We are pleased to welcome Amrita Mishra, Farah Huzair and Alexander Borda-Rodriguez to the TRRU team.

 

Dr. Emma Varley, a Killam Scholar, recently joined the TRRU team.

The Killam Scholarship recognizes the very best in graduate and postgraduate education. Dalhousie is one of only four universities in Canada to award Killam Scholarships and Prizes, which have made a huge difference in the lives and research of its recipient graduate students and postdoctoral fellows.

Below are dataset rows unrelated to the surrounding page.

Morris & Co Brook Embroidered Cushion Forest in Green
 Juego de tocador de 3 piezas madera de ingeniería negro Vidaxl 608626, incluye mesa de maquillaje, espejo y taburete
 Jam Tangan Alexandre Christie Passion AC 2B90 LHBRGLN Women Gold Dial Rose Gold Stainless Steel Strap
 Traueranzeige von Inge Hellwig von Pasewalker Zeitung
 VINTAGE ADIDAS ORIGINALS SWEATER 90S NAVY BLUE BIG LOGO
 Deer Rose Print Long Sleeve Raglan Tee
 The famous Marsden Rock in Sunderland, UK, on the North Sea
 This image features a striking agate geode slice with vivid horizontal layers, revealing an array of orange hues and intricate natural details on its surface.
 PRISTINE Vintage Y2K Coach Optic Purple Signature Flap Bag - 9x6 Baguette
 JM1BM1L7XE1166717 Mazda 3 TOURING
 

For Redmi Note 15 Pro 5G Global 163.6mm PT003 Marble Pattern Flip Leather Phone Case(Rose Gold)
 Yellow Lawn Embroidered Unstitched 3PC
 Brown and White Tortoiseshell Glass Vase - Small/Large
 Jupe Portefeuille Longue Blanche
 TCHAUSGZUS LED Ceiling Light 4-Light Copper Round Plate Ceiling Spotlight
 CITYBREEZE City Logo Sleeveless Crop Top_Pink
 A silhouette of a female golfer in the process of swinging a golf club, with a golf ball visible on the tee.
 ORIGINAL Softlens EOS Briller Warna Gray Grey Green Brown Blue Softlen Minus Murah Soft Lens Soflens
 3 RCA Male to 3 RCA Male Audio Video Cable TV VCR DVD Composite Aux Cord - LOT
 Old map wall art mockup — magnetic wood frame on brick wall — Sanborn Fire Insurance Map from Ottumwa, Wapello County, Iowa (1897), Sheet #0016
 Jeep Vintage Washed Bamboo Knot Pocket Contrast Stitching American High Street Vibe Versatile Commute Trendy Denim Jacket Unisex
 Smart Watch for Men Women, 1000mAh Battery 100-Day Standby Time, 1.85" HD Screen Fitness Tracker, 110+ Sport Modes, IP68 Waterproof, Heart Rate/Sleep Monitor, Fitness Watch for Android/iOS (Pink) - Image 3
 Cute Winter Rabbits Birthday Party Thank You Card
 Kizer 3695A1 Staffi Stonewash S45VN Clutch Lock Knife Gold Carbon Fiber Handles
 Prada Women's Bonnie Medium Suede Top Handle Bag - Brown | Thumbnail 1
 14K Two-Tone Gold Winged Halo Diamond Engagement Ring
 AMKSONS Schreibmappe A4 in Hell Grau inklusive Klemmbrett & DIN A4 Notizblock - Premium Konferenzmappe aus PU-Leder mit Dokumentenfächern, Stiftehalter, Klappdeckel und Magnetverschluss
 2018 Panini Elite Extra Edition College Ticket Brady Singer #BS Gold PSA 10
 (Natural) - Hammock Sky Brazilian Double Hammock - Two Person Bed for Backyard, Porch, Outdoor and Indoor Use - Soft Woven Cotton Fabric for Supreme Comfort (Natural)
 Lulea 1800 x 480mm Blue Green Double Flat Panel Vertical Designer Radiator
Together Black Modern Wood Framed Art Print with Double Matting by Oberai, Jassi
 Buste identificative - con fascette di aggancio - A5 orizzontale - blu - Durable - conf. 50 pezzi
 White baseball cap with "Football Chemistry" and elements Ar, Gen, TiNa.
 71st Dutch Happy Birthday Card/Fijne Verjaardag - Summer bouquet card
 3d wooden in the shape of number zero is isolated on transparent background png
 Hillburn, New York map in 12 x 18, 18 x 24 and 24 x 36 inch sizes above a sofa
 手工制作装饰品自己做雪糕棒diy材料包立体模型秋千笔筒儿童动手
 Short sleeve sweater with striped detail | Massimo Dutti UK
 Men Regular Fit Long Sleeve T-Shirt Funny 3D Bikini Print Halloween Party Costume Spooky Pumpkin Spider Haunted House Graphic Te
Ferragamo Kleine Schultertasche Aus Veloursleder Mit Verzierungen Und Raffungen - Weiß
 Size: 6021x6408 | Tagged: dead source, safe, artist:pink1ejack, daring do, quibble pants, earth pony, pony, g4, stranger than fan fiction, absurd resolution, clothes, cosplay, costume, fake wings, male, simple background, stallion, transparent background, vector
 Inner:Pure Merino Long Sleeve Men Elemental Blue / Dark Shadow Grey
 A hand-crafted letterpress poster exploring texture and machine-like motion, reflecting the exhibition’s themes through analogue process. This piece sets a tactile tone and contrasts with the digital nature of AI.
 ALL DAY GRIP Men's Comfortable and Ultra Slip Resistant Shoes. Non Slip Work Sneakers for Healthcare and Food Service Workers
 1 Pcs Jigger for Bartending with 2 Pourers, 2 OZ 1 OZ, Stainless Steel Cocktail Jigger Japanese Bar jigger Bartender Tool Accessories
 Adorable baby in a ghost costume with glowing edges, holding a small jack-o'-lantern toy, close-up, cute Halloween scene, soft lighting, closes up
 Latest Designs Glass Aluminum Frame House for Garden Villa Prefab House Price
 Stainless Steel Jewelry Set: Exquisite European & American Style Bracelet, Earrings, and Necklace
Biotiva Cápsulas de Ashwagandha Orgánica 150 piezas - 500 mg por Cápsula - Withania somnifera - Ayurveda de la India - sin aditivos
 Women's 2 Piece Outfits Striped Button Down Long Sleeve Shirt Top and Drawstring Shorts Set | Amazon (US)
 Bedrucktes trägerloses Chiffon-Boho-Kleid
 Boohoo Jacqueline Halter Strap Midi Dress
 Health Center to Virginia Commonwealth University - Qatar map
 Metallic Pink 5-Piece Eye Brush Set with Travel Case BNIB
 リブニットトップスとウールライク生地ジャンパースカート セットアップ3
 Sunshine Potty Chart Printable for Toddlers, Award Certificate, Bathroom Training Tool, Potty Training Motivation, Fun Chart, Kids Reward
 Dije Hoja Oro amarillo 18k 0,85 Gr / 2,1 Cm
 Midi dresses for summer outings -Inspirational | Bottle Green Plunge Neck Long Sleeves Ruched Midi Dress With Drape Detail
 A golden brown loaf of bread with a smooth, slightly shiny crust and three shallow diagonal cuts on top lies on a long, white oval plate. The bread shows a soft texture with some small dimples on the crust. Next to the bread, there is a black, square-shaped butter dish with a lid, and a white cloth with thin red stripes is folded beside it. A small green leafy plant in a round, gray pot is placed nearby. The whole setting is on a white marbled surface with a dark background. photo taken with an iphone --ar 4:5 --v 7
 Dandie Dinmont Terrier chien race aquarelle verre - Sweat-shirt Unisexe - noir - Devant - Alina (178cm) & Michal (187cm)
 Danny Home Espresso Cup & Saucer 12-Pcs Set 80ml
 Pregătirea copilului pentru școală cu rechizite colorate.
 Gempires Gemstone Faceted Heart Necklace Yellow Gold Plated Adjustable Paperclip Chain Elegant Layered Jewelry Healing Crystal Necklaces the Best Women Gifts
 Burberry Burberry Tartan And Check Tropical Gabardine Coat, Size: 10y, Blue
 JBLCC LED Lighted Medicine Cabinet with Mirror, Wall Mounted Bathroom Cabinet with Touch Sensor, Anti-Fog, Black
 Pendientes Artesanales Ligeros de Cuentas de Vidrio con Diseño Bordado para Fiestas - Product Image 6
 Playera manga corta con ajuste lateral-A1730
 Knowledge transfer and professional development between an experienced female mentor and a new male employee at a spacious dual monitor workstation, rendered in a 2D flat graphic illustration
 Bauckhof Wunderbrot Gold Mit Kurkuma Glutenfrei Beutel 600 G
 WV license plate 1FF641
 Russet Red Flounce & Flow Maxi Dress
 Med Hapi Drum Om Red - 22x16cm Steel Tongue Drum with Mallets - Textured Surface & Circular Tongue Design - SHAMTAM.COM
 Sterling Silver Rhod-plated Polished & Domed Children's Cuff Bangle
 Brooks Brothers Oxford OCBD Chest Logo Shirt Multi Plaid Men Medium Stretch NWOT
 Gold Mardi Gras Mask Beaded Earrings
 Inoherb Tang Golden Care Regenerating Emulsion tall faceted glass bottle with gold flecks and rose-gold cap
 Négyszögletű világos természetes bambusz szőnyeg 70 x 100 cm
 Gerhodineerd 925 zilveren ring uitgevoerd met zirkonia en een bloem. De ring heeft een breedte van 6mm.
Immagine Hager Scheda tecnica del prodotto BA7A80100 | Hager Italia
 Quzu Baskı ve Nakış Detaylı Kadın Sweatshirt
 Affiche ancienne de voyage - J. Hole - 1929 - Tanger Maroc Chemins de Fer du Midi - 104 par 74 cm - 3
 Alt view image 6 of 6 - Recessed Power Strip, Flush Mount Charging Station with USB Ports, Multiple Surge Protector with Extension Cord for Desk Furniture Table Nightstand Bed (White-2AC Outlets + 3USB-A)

Emma Varley received her MA in Anthropology at UBC in 2002, and completed her Ph.D. in Medical Anthropology at the University of Toronto in September 2008, under the supervision of Dr Michael Lambek. In 2008, she published two chapters concerning her doctoral fieldwork in Pakistan's Northern Areas, its focus on women’s reproductive health amid sectarian conflict and also fieldwork methods during strife. She is currently preparing articles based on her thesis, as well as recent consultancy work in southern Thailand on behalf of CIHR, where she investigated post-tsunami health service provision. Since 1998, Emma has also authored and co-authored numerous policy reports during overseas consultancies, including research on behalf of SEVA Canada in Tanzania, the Aga Khan Rural Support Programme in Pakistan’s Northern Areas and the Sustainable Development Policy Institute in Islamabad, Pakistan. As part of her Fellowship in Bioethics, Emma intends to produce a book and several journal articles, as well as conference and lecture, concerning the inter-relationships between Islam, women’s health and use of biomedical and traditional health services, and patient-physician interactions – both internationally and with special regard to Halifax and the Maritimes.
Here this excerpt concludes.